Deutschland 
 
 
 
14. April 2010

 

Azubis sicher und gesund ausbilden

Unfallrisiko für Berufsanfänger senken

Wer eine Ausbildung beginnt, begibt sich auf völlig neues Terrain. Dass Berufsanfänger ein erhöhtes Unfallrisiko tragen, ist daher nicht verwunderlich. In Europa liegt die Wahrscheinlichkeit, dass 18- bis 24-Jährige am Arbeitsplatz einen Unfall erleiden, um mindestens 50 Prozent über der von anderen Altersgruppen.
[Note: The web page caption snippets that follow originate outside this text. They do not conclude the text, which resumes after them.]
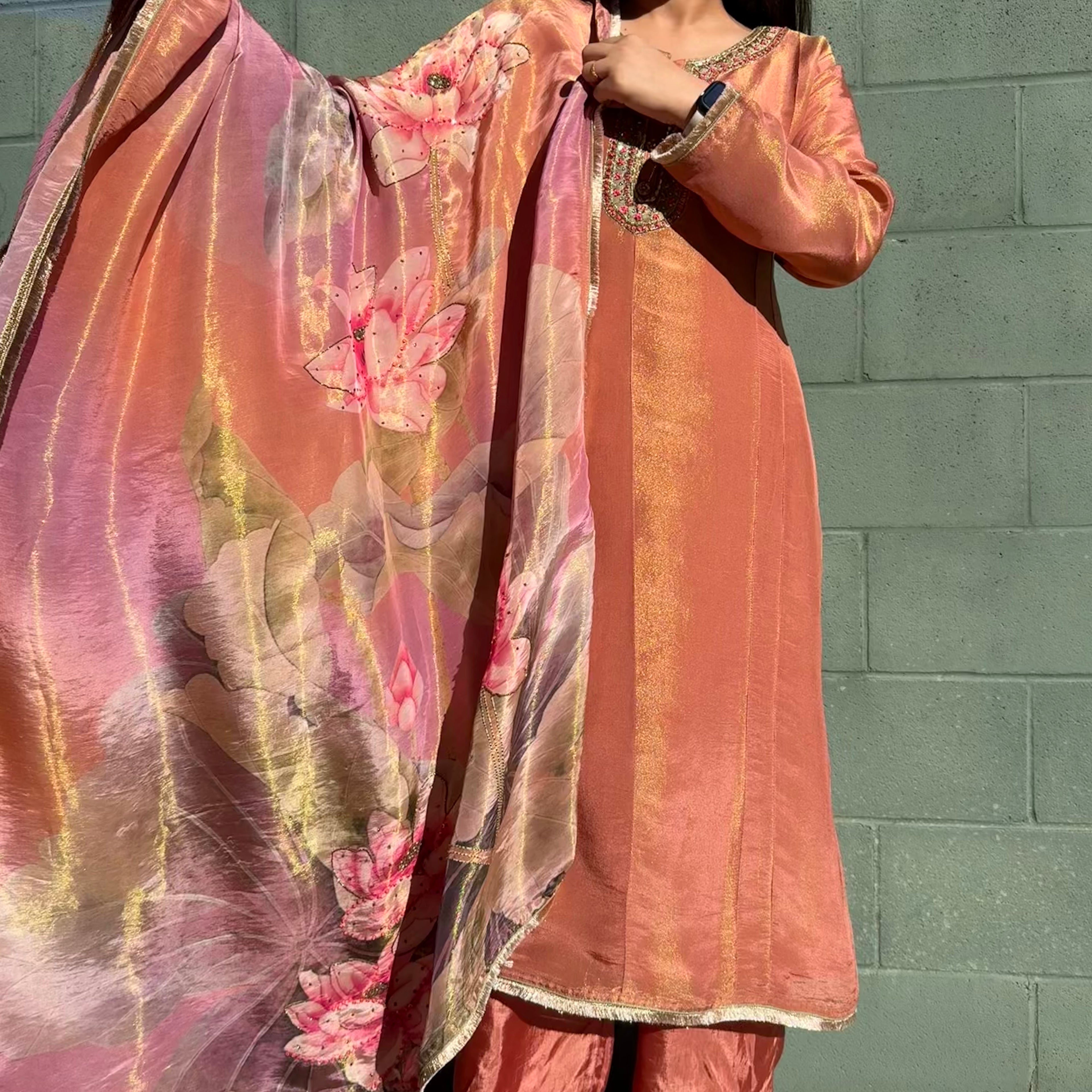 Rust Shimmer Kalli Suit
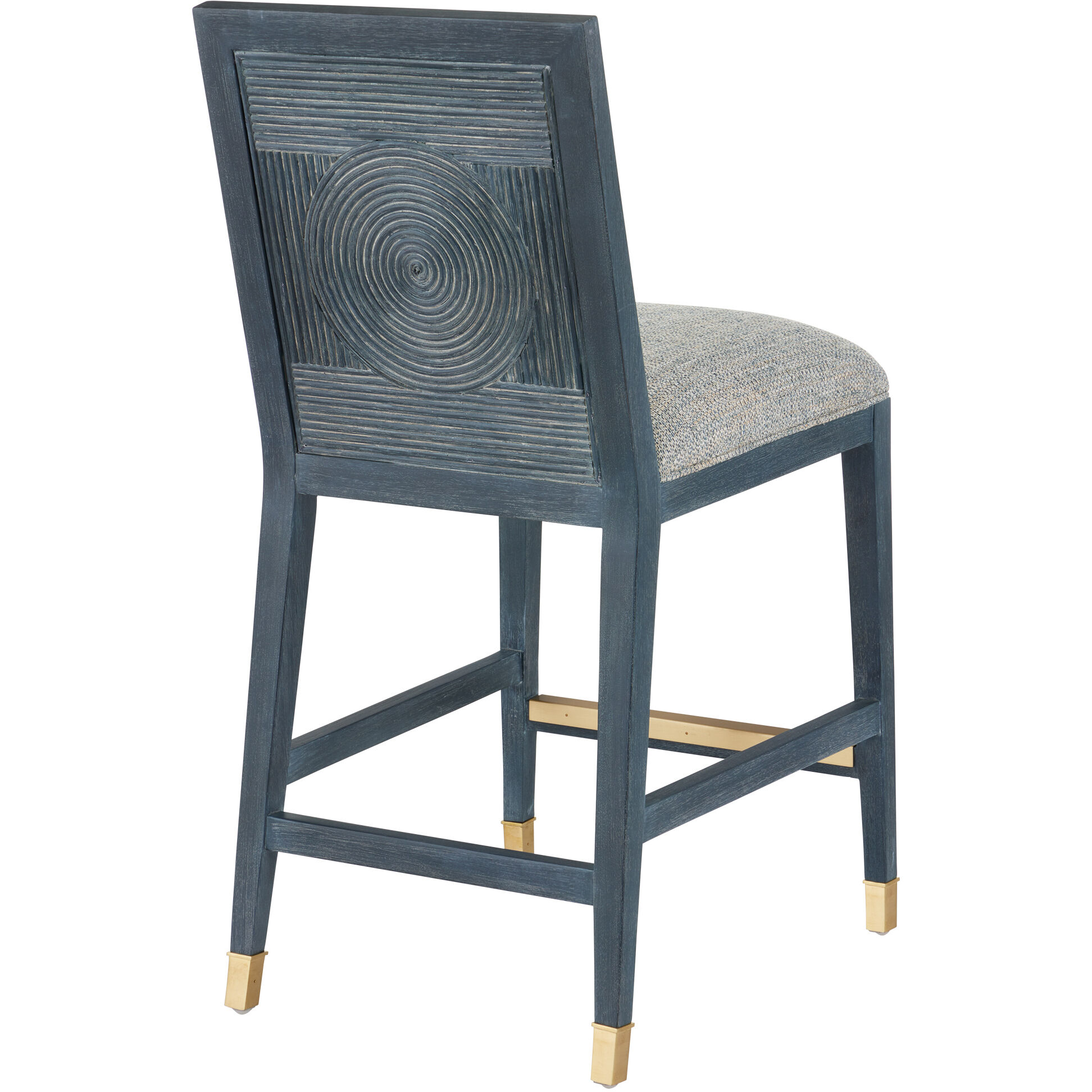 Santos 40 inch Vintage Navy/Performance Barrett Dusk/Satin Brass Counter Stool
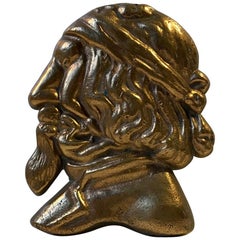 Vintage Brass Wall Plaque 'Whats on a Mans Mind', 1950s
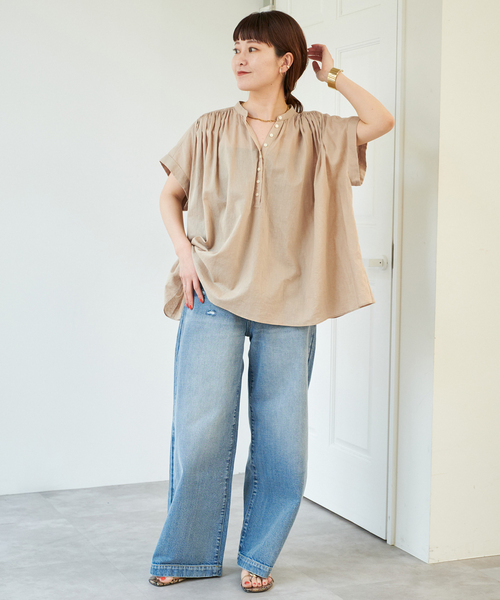 「Spick & Span」 半袖ブラウス FREE ネイビー レディース_画像4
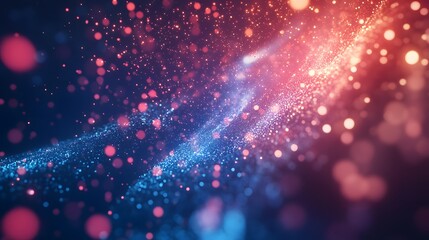 Fototapeta premium Abstract Blue and Red Bokeh Background with Shimmering Particles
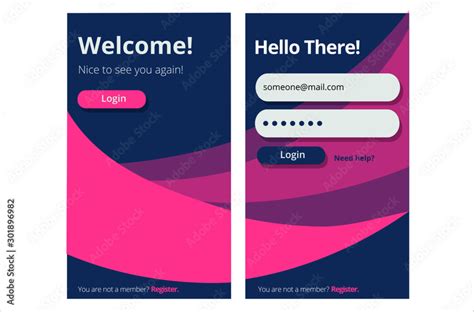 Mobile Uiux Design Template Login And Welcome Page For Mobile App Use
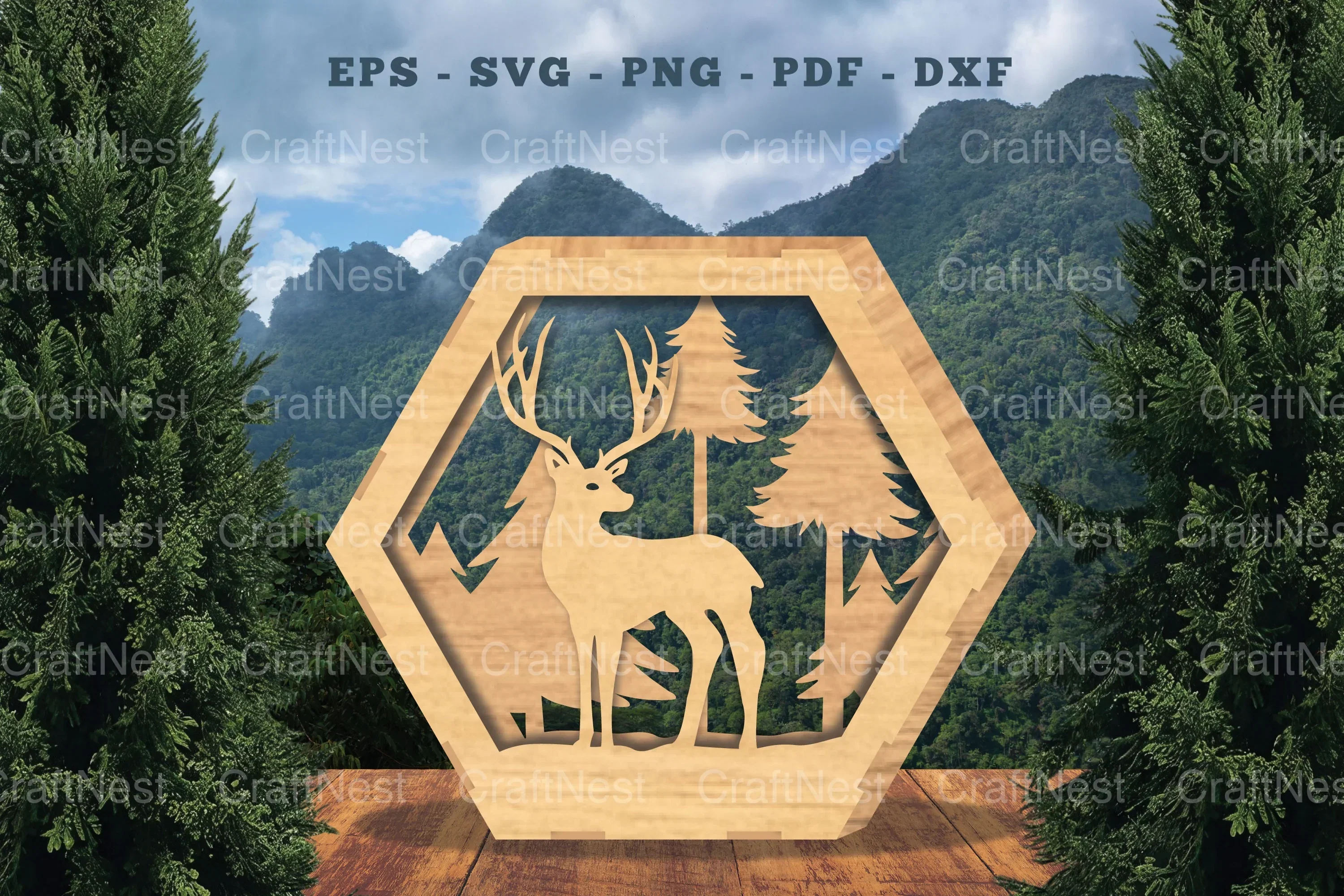 Deer Hexagon Laser Cut Home Decor SVG Bundle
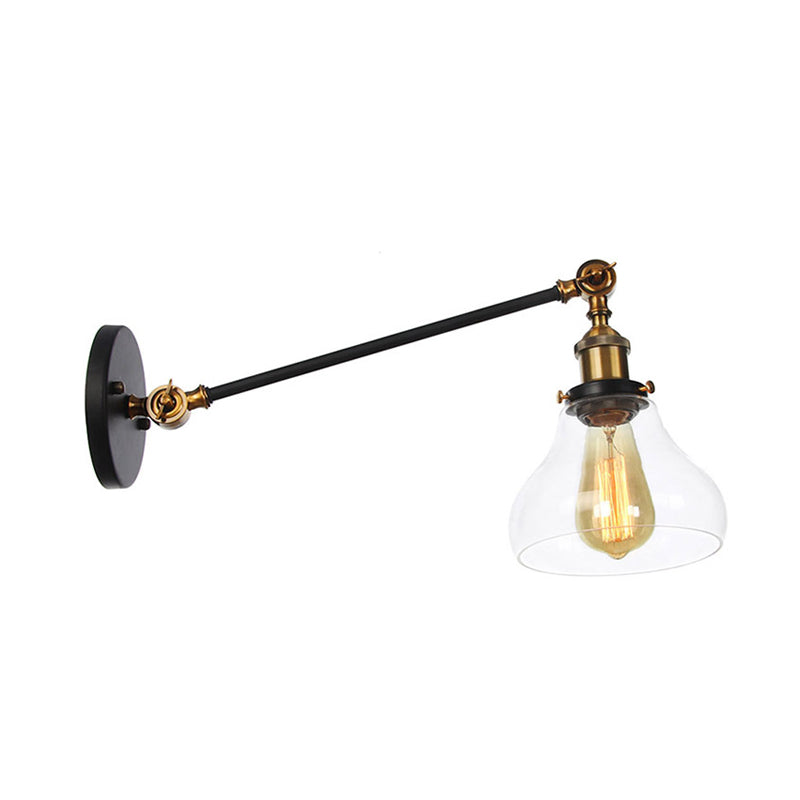 Frendorf | 1 Licht Binnenverlichting Armatuur Boerderij Zwart/Bronze/Brass Wandlamp met Pear Duidelijk Glazen Schaduw, 8"/12" L Arm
Gerade deshalb sollten sich mehr Unternehmen erfolgreich um die Sicherheit und Gesundheit ihrer Azubis kümmern. Dabei müssen effektive Präventionsmaßnahmen nicht teuer sein. Und einen Nutzen ziehen nicht nur die Auszubildenden, sondern auch die Unternehmen selbst.

Jungen Arbeitnehmern fehlt es an Erfahrung, an physischer und psychischer Reife und auch an der nötigen Sensibilität für Probleme der Sicherheit und des Gesundheitsschutzes bei der Arbeit. Sie sehen Unfallrisiken bei neuen Aufgaben oft nicht und nehmen den Arbeitsschutz auch nicht so wichtig. Arbeitgeber bedenken dies häufig nicht, sondern behandeln ihre Azubis wie jeden älteren Arbeitnehmer. Sie stellen ihnen beispielsweise Aufgaben, die für unerfahrene Mitarbeiter nicht geeignet sind. Sie versäumen, für angemessene Anleitung, Sicherheitsvorkehrungen und Aufsicht zu sorgen. Dabei wäre es einfach, den Berufsstart für die Auszubildenden sicherer zu gestalten, wenn sich jeder der Beteiligten etwas mit dem Thema beschäftigt.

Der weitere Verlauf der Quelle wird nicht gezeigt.